I never really got ginger. Growing up, I solely thought of ginger in two forms: crystallised, which I lumped in the same category as cubed, candied citrus peel and other things that a young girl simply doesn’t want to find in her baked goods; and the kind covered in dark chocolate. My mum loved this stuff. I could buy that for her to accompany any gift, and know that she would enjoy it, but also that no one else in the house would sneakily reach into that box. It was strictly her thing. I mean, chocolate covered ginger. Really?! Why would I want something that’s strangely firm and stringy and spicy getting all up in my chocolate?

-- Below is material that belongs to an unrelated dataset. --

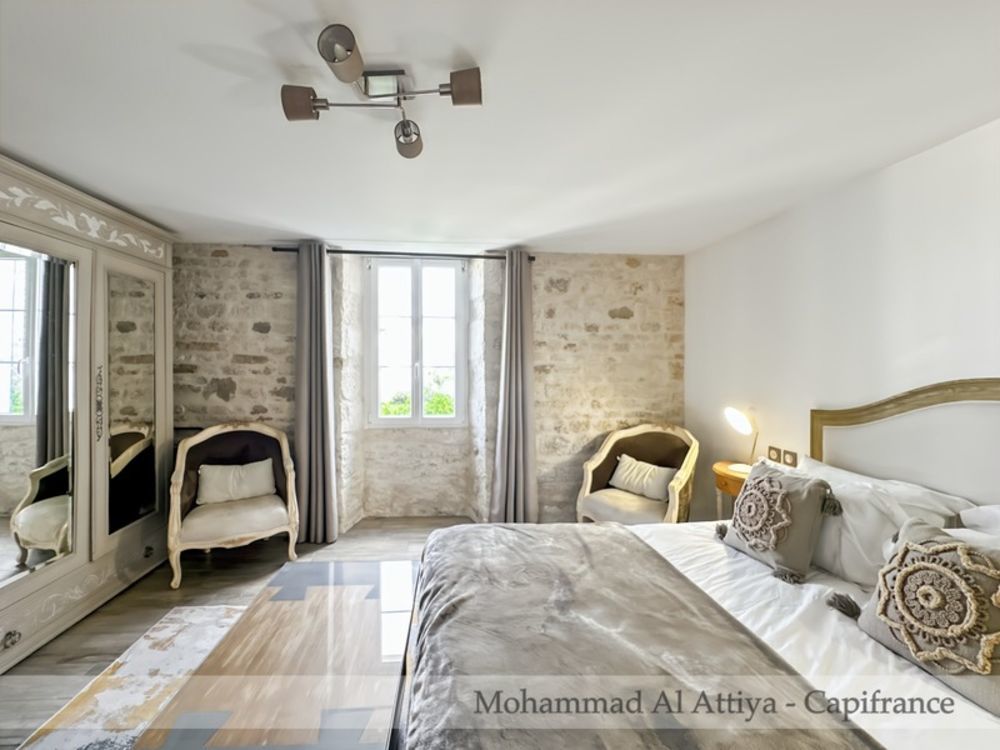 � vendre  Propri�t�/ch�teau La Rochelle (17000)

But soon, like olives and avocados (how did I live without these two things in my life?!), ginger and I became the best of friends. I adore gingerbread. I love freshly grated ginger in just about anything. But more than anything else, I love ginger in cake-form—a wintery ginger pudding, or a fluffy ginger cupcake smothered in cream cheese, or a dense and sticky ginger cake.

This cake gets its richness and spiciness from both cardamom and ginger, and a combination of pomegranate molasses (hello, love) and treacle, but the baking soda and buttermilk make it surprisingly light. It’s created in just one bowl, so quickly and easily. And it will fill your house with such a wonderful, warm aroma. I could go on, although I doubt I need to.

Recipe from Autumn issue of Donna Hay
1 cup buttermilk
2 eggs
1 1/3 cups dark brown sugar
1 tbsp pomegranate molasses
100 gms butter, melted
1 tsp ground ginger
¼ tsp ground cardamom
3 cups plain flour
1 tsp baking soda (bicarbonate of soda)
3 pomegranates
¼ cup caster sugar

Heavy cream, to serve.

Preheat oven to 160C. Lightly grease a 24cm round cake tin and line with non-stick baking paper.

Place the buttermilk, eggs, sugar, molasses, treacle and butter in a bowl and whisk to combine. Add the ginger, cardamom, flour and baking soda and again, whisk to combine. Pour the wonderfully dark mixture into the prepared tin, and bake for about an hour, or until a skewer inserted into the middle of the cake comes out clean.

While the cake is cooking, prepare your pomegranates. I find the easiest way is to roll the pomegranates on a hard surface (your bench-top, conveniently!) before cutting them. This is supposed to slightly loosen the seeds from the membrane, making it easier to get them free—this makes a very satisfying crackling sound as the seeds get squashed out of their neat little pockets. Cut each pomegranate in half, hold one half over a bowl (placed in your kitchen sink, if possible), with the cut-side facing down, and bang the back of a pomegranate with a wooden spoon. If you don’t mind getting your hands a little messy and stained, pulling apart the membrane further helps trapped seeds find their way out. Trial and error, I suppose.

When you’re done, and suitably cleaned up, strain the seeds and reserve the juice. Add the caster sugar to this juice, and mix until dissolved.

When the cake is cooked, pour the pomegranate-sugar mixture over the warm cake while it’s still in the tin, then allowing it to cool completely. Remove it from the tin and sprinkle with the pomegranate seeds. It’s even more heavenly served with a nice heavy cream.

You need to get on this cake, and quickly. The pomegranate season here is over in a flash. These days, you can but the aril separately, but where’s the fun in that? Because this cake is so quick and easy, banging on a pomegranate and getting a bit messy is no trouble at all.

Recommended baking soundtrack: The Glove – Mr Alphabet Says, on repeat.